On January 20, 1968, basketball powerhouse UCLA, led by seven-foot-two center Lew Alcindor before he became Kareem Abdul-Jabbar, played the University of Houston, led by six-nine Elvin Hayes. Hayes blocked three of Alcindor’s shots, and underdog Houston prevailed 71-69 in the “game of the century” before 52,693 fans in the Astrodome and a national television audience in the millions.

According to the late broadcaster Dick Enberg, at half-time the TV advertisers began phoning in to buy more 30-second spots. For this game the universities each received $125,000. The players, whom people had paid big money to watch, received nothing.  

The National Collegiate Athletic Association’s top “core value” is the collegiate model, “in which students participate as avocation.” So the players are considered amateurs.
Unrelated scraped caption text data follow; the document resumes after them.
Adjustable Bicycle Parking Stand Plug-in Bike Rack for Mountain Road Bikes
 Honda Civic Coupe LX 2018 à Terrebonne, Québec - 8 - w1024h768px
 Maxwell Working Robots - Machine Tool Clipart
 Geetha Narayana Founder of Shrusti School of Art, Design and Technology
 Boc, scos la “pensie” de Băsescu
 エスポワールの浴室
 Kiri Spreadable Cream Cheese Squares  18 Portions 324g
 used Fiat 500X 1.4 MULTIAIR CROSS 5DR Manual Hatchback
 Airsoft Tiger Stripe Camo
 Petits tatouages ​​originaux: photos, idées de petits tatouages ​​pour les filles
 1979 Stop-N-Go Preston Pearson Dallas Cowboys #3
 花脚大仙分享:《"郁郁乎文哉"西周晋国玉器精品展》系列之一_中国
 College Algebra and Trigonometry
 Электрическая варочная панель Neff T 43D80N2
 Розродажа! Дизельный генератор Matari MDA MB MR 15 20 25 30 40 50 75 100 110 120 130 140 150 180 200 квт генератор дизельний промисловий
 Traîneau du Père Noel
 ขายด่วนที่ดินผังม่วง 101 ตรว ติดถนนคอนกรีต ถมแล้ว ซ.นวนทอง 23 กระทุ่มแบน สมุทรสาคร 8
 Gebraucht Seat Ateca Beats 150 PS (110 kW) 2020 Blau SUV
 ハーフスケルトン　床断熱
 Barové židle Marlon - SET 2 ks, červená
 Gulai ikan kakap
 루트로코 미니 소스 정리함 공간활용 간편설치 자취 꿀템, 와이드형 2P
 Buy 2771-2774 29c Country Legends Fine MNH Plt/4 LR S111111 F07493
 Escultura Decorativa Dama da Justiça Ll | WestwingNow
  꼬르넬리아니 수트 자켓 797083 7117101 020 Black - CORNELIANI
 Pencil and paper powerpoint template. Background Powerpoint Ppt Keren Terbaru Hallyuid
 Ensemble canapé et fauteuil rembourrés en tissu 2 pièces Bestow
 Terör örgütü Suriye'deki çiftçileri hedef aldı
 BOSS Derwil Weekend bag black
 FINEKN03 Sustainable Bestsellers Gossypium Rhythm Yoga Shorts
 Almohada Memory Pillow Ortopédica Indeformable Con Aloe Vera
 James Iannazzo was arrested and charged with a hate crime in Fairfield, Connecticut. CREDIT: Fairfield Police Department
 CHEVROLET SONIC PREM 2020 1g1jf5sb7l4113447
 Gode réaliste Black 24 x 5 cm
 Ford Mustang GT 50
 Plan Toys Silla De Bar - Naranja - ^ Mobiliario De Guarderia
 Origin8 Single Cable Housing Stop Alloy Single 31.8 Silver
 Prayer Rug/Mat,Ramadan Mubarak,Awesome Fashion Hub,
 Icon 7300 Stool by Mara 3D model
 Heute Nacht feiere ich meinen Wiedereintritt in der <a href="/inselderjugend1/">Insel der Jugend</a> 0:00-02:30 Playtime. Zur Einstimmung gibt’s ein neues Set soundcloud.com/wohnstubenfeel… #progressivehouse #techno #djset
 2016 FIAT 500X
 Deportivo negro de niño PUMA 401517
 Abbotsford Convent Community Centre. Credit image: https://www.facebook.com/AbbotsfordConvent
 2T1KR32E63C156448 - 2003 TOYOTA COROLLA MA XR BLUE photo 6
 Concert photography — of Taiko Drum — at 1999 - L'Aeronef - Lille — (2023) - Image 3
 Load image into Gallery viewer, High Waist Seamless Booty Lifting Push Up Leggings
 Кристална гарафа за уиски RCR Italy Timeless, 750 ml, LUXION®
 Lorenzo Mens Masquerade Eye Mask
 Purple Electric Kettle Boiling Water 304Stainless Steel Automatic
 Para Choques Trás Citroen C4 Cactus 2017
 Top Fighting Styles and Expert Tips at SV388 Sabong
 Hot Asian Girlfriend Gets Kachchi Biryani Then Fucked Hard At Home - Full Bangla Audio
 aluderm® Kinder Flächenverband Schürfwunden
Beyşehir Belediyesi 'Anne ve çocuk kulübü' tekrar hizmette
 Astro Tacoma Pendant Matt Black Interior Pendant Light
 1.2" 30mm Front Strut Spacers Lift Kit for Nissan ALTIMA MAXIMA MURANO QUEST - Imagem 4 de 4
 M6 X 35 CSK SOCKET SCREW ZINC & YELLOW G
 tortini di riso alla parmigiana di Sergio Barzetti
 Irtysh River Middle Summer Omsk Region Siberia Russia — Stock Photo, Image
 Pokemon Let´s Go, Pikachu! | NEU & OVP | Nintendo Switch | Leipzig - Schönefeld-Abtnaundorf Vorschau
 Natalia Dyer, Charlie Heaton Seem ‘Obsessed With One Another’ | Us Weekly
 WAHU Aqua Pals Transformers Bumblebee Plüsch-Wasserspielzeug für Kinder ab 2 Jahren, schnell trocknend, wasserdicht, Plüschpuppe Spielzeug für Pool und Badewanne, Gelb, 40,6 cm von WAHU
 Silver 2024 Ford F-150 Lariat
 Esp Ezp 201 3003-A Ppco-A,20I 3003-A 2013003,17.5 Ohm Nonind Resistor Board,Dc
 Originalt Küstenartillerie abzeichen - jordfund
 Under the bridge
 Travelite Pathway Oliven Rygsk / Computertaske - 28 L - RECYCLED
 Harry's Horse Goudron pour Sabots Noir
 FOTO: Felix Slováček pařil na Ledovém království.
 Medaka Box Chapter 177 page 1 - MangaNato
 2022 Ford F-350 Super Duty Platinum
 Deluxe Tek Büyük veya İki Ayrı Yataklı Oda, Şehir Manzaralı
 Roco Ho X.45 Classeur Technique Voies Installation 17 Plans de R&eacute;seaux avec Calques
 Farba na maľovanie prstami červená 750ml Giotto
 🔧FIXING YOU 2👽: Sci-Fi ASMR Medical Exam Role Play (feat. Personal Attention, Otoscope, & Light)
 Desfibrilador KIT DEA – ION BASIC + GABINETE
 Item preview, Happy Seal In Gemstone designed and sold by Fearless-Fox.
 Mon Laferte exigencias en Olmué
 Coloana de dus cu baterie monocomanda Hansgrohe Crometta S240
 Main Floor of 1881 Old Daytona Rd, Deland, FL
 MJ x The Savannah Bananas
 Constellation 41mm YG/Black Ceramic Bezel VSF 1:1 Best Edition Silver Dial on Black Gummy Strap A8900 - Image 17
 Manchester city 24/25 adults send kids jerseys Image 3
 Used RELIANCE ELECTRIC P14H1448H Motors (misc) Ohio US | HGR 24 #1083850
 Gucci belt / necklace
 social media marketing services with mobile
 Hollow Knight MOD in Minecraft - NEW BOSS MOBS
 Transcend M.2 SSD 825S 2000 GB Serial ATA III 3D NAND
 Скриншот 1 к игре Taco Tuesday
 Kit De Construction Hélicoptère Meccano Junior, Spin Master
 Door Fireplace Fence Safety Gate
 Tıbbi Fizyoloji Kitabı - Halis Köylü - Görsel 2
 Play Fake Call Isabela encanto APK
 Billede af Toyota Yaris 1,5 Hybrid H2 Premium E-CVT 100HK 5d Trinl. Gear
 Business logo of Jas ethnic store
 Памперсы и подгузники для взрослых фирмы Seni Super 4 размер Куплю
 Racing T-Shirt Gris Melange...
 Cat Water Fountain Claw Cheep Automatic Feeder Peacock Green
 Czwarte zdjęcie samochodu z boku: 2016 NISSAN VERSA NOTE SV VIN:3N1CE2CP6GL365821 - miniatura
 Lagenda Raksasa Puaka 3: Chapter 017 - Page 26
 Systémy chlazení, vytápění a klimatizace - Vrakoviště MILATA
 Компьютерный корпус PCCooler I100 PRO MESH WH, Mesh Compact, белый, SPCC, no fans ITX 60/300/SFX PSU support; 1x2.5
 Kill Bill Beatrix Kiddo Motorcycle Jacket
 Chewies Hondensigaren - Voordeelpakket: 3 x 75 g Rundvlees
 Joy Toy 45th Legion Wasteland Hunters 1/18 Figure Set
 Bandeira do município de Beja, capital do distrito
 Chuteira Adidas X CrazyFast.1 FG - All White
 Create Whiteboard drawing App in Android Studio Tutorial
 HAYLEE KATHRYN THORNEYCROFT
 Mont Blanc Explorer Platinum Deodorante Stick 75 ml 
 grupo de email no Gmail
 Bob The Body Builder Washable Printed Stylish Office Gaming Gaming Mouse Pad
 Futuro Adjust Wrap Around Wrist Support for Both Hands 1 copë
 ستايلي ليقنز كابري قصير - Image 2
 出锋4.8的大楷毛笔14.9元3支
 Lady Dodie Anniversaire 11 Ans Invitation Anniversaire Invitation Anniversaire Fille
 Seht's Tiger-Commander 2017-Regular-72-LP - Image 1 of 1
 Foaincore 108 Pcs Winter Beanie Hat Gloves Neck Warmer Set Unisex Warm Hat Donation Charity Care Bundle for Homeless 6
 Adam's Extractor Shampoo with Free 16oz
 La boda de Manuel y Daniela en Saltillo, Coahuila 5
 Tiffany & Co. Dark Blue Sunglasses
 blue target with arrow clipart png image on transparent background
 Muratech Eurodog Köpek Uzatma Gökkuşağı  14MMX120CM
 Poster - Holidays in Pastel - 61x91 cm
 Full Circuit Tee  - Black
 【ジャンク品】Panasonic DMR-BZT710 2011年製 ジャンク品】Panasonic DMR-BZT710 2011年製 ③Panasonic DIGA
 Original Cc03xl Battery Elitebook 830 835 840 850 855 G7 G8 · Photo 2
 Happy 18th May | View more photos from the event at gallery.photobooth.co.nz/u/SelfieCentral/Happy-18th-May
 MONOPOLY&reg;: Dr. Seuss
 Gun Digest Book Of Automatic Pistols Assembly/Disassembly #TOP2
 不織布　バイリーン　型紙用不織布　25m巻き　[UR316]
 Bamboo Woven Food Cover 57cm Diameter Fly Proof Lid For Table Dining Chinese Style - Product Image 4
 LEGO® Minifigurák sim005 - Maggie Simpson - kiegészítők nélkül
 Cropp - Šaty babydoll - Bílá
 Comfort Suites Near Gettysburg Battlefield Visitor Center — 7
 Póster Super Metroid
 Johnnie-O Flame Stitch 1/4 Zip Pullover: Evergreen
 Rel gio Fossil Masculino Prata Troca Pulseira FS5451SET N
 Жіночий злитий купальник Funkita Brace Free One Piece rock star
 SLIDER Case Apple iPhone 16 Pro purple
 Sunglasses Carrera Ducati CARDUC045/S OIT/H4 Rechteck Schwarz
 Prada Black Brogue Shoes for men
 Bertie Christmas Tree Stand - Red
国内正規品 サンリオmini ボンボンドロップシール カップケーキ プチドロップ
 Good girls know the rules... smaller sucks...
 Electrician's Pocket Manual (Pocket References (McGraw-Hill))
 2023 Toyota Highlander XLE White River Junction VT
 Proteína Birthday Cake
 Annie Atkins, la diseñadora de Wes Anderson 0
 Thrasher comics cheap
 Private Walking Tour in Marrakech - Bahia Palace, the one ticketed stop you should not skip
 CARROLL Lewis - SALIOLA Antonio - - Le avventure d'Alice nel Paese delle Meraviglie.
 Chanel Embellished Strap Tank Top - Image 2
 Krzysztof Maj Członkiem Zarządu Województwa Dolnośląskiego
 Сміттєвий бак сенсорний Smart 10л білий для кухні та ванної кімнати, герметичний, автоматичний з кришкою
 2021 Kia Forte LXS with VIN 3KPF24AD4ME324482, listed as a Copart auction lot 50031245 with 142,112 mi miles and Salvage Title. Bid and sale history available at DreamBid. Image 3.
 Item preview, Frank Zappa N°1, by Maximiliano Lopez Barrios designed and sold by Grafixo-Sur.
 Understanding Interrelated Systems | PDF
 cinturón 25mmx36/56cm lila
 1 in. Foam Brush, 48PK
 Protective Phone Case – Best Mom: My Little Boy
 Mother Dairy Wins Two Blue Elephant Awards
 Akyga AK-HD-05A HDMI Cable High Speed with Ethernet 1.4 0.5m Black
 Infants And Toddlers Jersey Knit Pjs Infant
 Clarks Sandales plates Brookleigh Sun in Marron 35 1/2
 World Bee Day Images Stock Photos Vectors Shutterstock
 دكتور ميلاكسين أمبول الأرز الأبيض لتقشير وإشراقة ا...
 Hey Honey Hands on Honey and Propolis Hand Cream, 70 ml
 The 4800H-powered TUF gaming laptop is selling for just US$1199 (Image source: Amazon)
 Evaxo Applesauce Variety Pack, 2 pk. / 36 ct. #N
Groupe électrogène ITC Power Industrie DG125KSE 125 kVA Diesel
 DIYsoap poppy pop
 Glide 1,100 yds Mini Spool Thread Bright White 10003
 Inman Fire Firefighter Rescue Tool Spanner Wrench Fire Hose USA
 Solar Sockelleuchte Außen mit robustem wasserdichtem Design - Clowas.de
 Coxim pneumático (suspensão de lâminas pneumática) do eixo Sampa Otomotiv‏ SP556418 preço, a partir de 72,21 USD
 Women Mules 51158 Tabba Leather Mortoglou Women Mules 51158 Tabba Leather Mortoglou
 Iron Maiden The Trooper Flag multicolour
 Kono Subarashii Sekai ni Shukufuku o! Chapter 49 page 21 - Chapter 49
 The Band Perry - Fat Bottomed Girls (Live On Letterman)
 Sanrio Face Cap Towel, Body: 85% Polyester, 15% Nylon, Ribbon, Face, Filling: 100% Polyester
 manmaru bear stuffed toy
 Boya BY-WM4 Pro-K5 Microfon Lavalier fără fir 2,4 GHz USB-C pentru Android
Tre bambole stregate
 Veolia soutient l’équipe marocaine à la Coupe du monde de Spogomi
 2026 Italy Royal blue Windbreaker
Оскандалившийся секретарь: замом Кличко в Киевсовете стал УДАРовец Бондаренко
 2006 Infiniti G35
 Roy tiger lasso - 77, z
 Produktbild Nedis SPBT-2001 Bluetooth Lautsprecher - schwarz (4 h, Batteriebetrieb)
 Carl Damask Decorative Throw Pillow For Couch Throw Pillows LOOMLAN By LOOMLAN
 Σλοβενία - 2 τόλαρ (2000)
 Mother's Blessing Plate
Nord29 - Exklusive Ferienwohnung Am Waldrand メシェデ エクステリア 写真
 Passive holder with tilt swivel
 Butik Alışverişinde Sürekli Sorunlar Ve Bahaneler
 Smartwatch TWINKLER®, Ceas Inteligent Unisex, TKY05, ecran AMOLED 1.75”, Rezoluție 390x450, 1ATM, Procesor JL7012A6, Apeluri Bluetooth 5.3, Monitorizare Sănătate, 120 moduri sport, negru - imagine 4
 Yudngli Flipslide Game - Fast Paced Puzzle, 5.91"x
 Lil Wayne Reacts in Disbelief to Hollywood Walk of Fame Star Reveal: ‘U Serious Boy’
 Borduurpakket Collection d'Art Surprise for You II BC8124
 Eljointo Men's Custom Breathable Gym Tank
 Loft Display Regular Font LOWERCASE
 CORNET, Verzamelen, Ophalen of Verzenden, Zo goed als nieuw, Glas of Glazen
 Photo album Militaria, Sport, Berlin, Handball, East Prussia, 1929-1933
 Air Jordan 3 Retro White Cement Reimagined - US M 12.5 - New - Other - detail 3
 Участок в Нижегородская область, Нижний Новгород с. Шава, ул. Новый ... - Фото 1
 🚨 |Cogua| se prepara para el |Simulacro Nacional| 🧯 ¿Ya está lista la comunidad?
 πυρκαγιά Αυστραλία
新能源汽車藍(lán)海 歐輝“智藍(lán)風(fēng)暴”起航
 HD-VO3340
As the Washington Post notes, “The NCAA requires athletes to forfeit their right to make money off their performance,” even though these amateurs rake in huge money for the organization.

By its own accounting, the NCAA signed media deals with CBS ranging from the 1982 three-year $49.9 million to a $6 billion for 11 years in 2002. An 11-year 2002 deal with ESPN brought the NCAA $200 million and the 2010 CBS/Turner deal is good for $10.8 billion over 14 years.

NCAA president Mark Emmert bags $1.9 million a year, and in 2014 Pac-12 commissioner Larry Scott was paid $3.4 million, more than six times what his predecessor made in 2004. Commissioners of the Big Ten and Big 12 are also doing well at $2.3 million and $3.1 million, respectively. That is not exactly chump change for an industry fueled by unpaid athletes.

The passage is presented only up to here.